++++ Data to examine
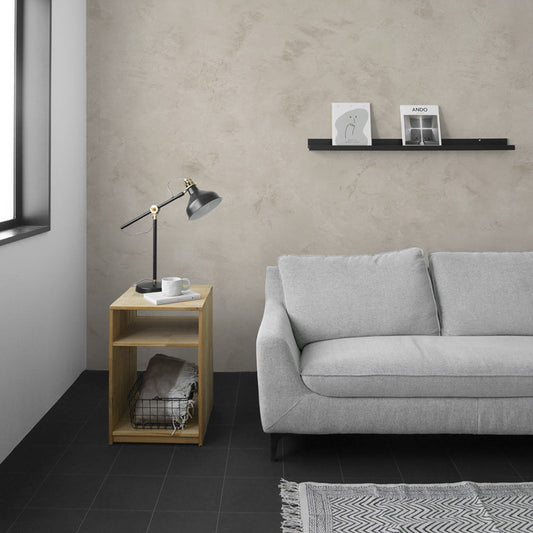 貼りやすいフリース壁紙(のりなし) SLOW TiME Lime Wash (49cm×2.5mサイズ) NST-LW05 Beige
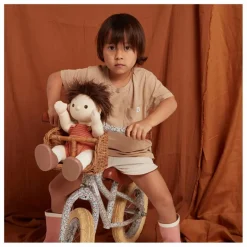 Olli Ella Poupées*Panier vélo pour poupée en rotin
++++++++
++++ Data to examine
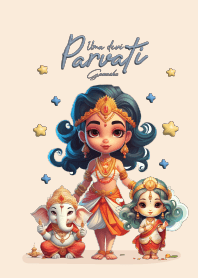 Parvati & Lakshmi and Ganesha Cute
++++++++
++++ Data to examine
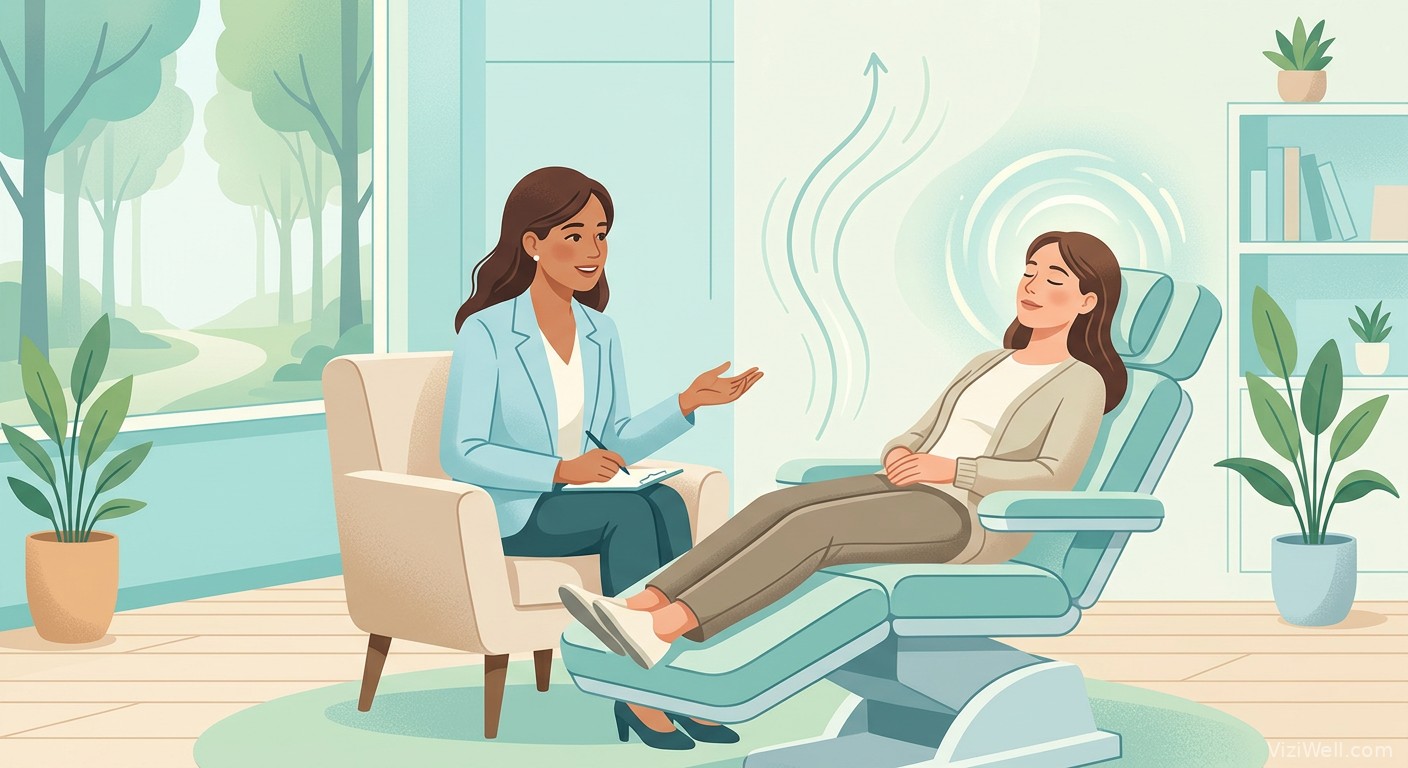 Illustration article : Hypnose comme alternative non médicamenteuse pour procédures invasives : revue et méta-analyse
++++++++
Prompt>
From the records above, output only the lines starting at the one containing "貼りやすいフリース壁紙(のりなし) SLOW TiME" and ending at the one containing "Olli Ella Poupées*Panier", word for word. Pictures stay out.

Expected answer>
 貼りやすいフリース壁紙(のりなし) SLOW TiME Lime Wash (49cm×2.5mサイズ) NST-LW05 Beige
 Olli Ella Poupées*Panier vélo pour poupée en rotin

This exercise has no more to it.